◆ **EXERCISE DESCRIPTION**: With both ends included, transcribe exactly the records below from their first line to the line that contains "8547 SE Constance".

◆ **SUPPLIED ENTRIES**:
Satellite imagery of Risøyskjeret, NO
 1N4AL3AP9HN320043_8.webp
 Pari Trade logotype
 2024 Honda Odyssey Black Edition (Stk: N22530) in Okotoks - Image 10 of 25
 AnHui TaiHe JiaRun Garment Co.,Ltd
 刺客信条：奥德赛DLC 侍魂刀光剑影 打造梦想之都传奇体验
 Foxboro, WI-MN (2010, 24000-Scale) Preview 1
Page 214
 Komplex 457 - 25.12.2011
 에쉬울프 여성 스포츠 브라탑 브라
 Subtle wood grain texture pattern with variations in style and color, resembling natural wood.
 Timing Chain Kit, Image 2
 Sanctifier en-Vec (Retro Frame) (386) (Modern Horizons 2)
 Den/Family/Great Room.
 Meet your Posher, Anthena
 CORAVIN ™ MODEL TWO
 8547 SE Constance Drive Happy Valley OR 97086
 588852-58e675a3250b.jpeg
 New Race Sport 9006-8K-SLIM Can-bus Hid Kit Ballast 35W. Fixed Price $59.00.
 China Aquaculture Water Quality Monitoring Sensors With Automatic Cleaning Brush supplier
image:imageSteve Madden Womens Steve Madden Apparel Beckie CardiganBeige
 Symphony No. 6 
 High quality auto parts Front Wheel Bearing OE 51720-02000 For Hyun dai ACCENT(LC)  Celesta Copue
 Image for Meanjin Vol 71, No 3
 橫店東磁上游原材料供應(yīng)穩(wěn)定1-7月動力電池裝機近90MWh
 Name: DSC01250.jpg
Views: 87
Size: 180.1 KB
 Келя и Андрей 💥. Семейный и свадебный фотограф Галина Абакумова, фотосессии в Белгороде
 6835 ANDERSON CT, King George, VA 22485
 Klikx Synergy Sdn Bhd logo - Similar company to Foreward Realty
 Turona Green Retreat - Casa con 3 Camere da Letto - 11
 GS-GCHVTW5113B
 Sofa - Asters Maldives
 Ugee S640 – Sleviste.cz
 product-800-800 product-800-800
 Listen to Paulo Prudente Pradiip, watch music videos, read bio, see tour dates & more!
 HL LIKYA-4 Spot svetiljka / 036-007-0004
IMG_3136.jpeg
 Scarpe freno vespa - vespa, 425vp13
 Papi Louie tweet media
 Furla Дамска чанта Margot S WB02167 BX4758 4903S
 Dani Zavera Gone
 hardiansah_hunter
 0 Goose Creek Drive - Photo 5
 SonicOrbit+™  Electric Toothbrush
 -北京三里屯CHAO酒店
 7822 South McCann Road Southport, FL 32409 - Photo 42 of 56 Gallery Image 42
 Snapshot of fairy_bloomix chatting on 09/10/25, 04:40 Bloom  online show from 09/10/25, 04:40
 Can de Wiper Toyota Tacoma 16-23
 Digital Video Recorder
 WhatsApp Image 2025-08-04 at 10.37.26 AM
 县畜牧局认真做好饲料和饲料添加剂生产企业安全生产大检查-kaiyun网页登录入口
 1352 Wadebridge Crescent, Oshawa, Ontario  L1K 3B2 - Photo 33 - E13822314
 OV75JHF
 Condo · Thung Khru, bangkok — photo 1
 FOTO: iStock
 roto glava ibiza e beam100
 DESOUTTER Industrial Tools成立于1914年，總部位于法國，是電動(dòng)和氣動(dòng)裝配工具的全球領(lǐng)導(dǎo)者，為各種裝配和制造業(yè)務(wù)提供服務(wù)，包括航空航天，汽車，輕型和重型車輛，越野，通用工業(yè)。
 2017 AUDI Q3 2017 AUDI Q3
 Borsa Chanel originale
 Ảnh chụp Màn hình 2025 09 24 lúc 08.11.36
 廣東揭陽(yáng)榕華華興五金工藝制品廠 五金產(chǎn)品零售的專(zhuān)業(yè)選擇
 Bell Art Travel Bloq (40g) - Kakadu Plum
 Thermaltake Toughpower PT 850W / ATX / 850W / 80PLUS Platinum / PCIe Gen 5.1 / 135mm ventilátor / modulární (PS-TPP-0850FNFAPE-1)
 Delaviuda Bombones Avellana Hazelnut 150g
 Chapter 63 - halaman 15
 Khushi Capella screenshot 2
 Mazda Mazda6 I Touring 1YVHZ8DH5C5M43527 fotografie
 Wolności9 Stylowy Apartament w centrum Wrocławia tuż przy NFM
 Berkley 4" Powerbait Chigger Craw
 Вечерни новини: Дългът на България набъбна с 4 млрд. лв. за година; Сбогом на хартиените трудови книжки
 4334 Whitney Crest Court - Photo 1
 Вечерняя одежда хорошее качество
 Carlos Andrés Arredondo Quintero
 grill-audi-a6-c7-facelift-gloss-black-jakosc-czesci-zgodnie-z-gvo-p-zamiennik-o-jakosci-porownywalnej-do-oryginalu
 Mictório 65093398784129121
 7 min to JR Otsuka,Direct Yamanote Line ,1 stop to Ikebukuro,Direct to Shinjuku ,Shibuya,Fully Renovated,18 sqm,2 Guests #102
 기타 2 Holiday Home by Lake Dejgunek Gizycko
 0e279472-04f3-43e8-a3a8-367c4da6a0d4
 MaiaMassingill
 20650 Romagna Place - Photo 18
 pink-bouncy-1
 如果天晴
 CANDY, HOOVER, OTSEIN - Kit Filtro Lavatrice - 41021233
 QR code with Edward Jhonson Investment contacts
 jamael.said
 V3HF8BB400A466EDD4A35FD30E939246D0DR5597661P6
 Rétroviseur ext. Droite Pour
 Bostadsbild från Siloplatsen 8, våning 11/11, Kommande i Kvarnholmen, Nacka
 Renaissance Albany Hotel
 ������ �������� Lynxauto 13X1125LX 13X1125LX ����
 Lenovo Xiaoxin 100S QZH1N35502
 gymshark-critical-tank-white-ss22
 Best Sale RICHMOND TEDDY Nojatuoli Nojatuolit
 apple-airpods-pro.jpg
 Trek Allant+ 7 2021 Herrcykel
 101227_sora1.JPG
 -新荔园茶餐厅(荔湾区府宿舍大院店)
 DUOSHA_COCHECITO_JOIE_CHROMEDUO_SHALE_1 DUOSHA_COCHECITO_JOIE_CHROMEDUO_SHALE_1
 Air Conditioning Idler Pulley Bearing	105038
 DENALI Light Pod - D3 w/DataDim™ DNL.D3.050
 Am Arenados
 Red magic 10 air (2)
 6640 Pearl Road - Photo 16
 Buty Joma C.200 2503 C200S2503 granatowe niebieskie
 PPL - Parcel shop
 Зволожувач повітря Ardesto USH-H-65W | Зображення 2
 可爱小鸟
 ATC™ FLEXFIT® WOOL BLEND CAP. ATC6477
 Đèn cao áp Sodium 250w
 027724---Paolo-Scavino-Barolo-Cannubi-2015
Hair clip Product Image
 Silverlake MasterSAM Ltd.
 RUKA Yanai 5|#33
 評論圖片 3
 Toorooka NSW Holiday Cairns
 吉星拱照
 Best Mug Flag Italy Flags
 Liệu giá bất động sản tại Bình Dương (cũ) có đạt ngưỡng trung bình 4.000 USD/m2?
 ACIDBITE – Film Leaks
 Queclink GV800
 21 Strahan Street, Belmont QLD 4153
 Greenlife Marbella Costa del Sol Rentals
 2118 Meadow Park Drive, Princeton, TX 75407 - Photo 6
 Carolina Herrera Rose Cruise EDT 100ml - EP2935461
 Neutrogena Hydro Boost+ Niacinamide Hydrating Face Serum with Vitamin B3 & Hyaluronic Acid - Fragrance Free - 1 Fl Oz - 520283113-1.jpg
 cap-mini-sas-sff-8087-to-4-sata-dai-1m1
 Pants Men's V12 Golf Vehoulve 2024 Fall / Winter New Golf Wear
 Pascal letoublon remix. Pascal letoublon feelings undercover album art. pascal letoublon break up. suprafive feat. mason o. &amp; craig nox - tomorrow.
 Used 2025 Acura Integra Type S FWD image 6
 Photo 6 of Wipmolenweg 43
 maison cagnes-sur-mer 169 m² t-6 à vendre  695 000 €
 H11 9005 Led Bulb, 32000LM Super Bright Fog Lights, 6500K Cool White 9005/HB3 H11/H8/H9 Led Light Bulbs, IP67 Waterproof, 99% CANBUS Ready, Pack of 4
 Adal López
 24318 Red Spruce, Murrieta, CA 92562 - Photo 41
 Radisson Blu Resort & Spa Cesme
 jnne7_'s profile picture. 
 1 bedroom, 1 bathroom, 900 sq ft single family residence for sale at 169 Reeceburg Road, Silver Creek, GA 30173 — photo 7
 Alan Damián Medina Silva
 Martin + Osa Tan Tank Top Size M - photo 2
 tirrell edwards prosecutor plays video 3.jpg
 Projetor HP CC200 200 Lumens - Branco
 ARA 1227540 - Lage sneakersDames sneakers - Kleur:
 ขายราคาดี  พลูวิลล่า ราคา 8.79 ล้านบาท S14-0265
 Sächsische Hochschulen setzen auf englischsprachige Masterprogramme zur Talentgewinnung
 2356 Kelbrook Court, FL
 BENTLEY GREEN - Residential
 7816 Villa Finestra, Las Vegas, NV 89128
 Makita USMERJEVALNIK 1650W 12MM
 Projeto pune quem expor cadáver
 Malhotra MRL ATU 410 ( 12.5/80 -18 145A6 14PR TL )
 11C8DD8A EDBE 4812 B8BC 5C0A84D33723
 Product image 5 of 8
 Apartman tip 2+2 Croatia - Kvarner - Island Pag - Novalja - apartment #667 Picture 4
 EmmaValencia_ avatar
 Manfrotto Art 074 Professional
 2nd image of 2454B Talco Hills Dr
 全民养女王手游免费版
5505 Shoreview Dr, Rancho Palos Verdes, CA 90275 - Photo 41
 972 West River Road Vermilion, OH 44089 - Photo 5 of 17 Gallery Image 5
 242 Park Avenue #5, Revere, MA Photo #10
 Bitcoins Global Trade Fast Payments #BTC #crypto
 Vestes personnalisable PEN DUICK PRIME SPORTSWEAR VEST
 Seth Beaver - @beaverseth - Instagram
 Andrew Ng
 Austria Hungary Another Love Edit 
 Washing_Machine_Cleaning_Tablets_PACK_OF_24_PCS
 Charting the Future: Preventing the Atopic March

◆ **TASK SOLUTION**:
Satellite imagery of Risøyskjeret, NO
 1N4AL3AP9HN320043_8.webp
 Pari Trade logotype
 2024 Honda Odyssey Black Edition (Stk: N22530) in Okotoks - Image 10 of 25
 AnHui TaiHe JiaRun Garment Co.,Ltd
 刺客信条：奥德赛DLC 侍魂刀光剑影 打造梦想之都传奇体验
 Foxboro, WI-MN (2010, 24000-Scale) Preview 1
Page 214
 Komplex 457 - 25.12.2011
 에쉬울프 여성 스포츠 브라탑 브라
 Subtle wood grain texture pattern with variations in style and color, resembling natural wood.
 Timing Chain Kit, Image 2
 Sanctifier en-Vec (Retro Frame) (386) (Modern Horizons 2)
 Den/Family/Great Room.
 Meet your Posher, Anthena
 CORAVIN ™ MODEL TWO
 8547 SE Constance Drive Happy Valley OR 97086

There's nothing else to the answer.